En la memoria colectiva del deporte español, la Copa Davis supone una frontera social y deportiva. Cuando sólo Bahamontes se atrevía a discutir el monopolio del fútbol, los tenistas españoles, encabezados por el mítico Manolo Santana, emprendieron una aventura inolvidable. España, un país sin tradición en el tenis, subdesarrollado económicamente, gobernado por un régimen fascista, se sintió fascinada por lo que representó aquella final con Australia en Melbourne. Era el año 1965, y todo la nación entró de repente en una época diferente. Aquel equipo significó el cambio de los tiempos, la inminencia del desarrollo, de la apertura al exterior, de la posibilidad de medirse con potencias del deporte que parecían inaccesibles. La Davis incorporó a la memoria de dos generaciones los nombres de Santana, Gisbert, Arilla y Couder. Y los del capitán Jaime Bartrolí. Y los comentarios de Juan José Castillo. Y el legendario "entró, entró". Y otros nombres inolvidables, los nombres de los rivales: Roy Emerson, John Newcombe, Tony Roche y Fred Stolle. Fue algo más que tenis. Fue algo más que deporte. Aquellas dos finales representaron un cambio de escenario en muchos aspectos. Su mística permanece hasta ahora. Ahí reside parte de la grandeza de esta competición.

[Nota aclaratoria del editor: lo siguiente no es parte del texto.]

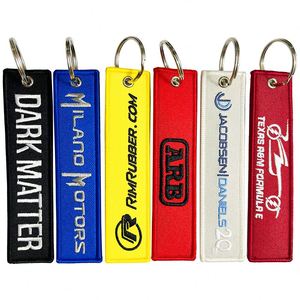 Hot Sale <b>Anime</b> Woven Jet Tag Fabric <b>Keychain</b> Embroidered Brand Motorcycle Flight Label for Key Holder - Product Image 2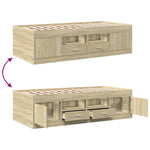 Daybed with Drawers without Mattress Sonoma Oak 90x200 cm - Bargainia.com - 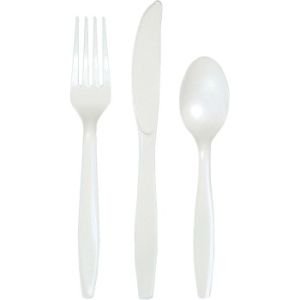 Heavy Duty Plastic Cutlery, White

La Davis también oficia como recordatorio de viejos valores que se pierden en el deporte actual. En buena medida, el tenis está peleado con los rasgos fundamentales de la Copa Davis. Pocos deportes concentran tanto la idea de la individualidad, la mercadotecnia y el hastío competitivo como el tenis. Con una raqueta a cuestas, los jugadores se embarcan año tras año en una interminable sucesión de torneos que determinan muy detalladamente todo tipo de estadísticas, incluidas aquéllas que señalan su lugar exacto en el ránking mundial. Se trata de una relación estrictamente privada entre el tenista y los números.
Como sucede con la Ryder Cup en el mundo del golf, la Copa Davis ofrece una mirada diferente. Los jugadores regresan a un tiempo que se antoja superado. Se supeditan a los intereses del equipo, se desmontan del ego en beneficio del compañerismo y aceptan decisiones técnicas inusuales. Es lo que ha sucedido con el cambio de Ferrero por Nadal. Puede que resulte arriesgado y, sin duda, merecerá opiniones encontradas en el mundo de los aficionados. Pero así es la Copa Davis. No es un asunto privado entre los tenistas y sus estadísticas. Se trata de elegir, y quizá de tomar riesgos por encima de la comodidad. Y aceptar el veredicto de una vieja competición que no pierde su carácter singular: es mucho más que tenis. Por eso, dos países se entregarán durante tres días a las emociones del mejor deporte.